**AIM OF THE TASK**
Write out, without any change, the lines in the material below that run from the line with "young woman with" through the line with "Handcrafted Elm Wood", both included.
[INPUT FOR THIS TASK]
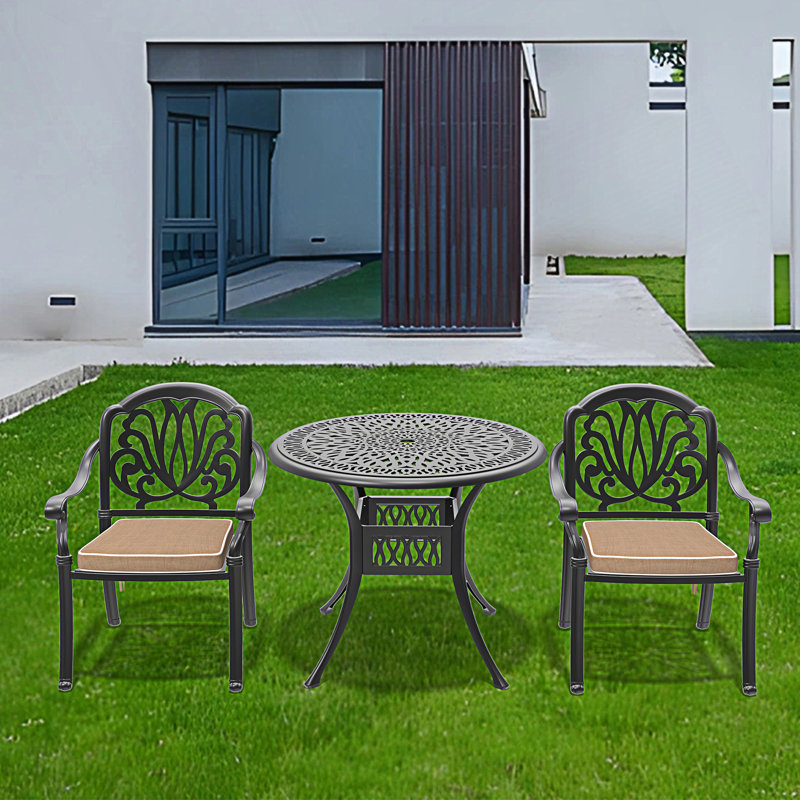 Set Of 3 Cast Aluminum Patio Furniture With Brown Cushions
[/INPUT FOR THIS TASK]
[INPUT FOR THIS TASK]
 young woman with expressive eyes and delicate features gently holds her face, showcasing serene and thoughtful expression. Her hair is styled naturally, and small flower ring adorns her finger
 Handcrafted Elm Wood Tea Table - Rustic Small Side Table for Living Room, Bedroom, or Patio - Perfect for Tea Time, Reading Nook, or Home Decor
[/INPUT FOR THIS TASK]
**RESULT OF THIS TASK**
 young woman with expressive eyes and delicate features gently holds her face, showcasing serene and thoughtful expression. Her hair is styled naturally, and small flower ring adorns her finger
 Handcrafted Elm Wood Tea Table - Rustic Small Side Table for Living Room, Bedroom, or Patio - Perfect for Tea Time, Reading Nook, or Home Decor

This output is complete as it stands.